Allí es donde aparece con mayor nitidez la soberbia de los dirigentes políticos en general, que tienen una egolatría y un nivel de autosuficiencia inimaginable. Y también es allí donde comienzan a aparecer los más graves errores, incluso muchos no forzados por situaciones exógenas sino más bien forjados de manera autogestiva.

Es tan injusto atribuir esto sólo al gobierno actual, como al kirchnerismo la creación de la corrupción en nuestro país. Se trata, en todo caso, de corregir a tiempo el rumbo de las decisiones no como salida rápida del contexto acuciante en una coyuntura determinada, sino como resultado de un entendimiento cabal de cómo funciona la cosa pública y qué necesita la sociedad.

Estamos en un contexto en el que el Gobierno se vio obligado a ampliar su mesa política a partir de una crisis económica que luego se tradujo en una fuerte caída de su imagen y su credibilidad.

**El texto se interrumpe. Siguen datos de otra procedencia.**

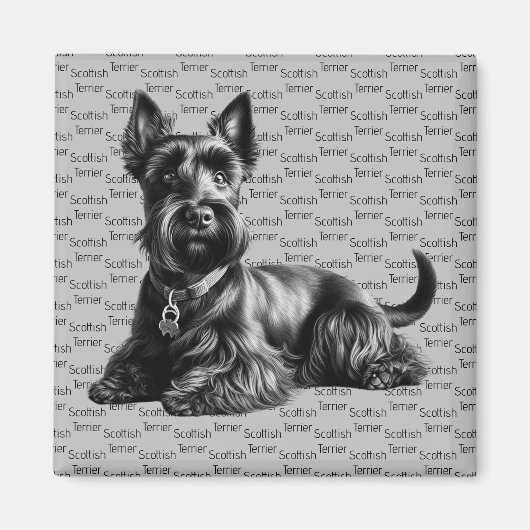 Scottish Terrier in Magneet (Voorkant)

La pregunta es la siguiente: ¿Fue una foto para descomprimir el frente interno y dar un mensaje de unidad hacia afuera? ¿O el presidente Macri realmente entendió que sin política no se puede y decidió incorporar a los aliados como socios permanentes?

Entendiendo que la política debe conducir a la economía y los destinos de una Nación, ojala que la respuesta esté en la segunda pregunta. De lo contrario, puede –aunque achica sustancialmente sus posibilidades- que el Gobierno vuelva a ganar una elección por las impericias del armado electoral y la división que haya enfrente, pero de ninguna manera logrará sostener en el tiempo la construcción de poder a la que apunta, más allá de un eventual segundo mandato.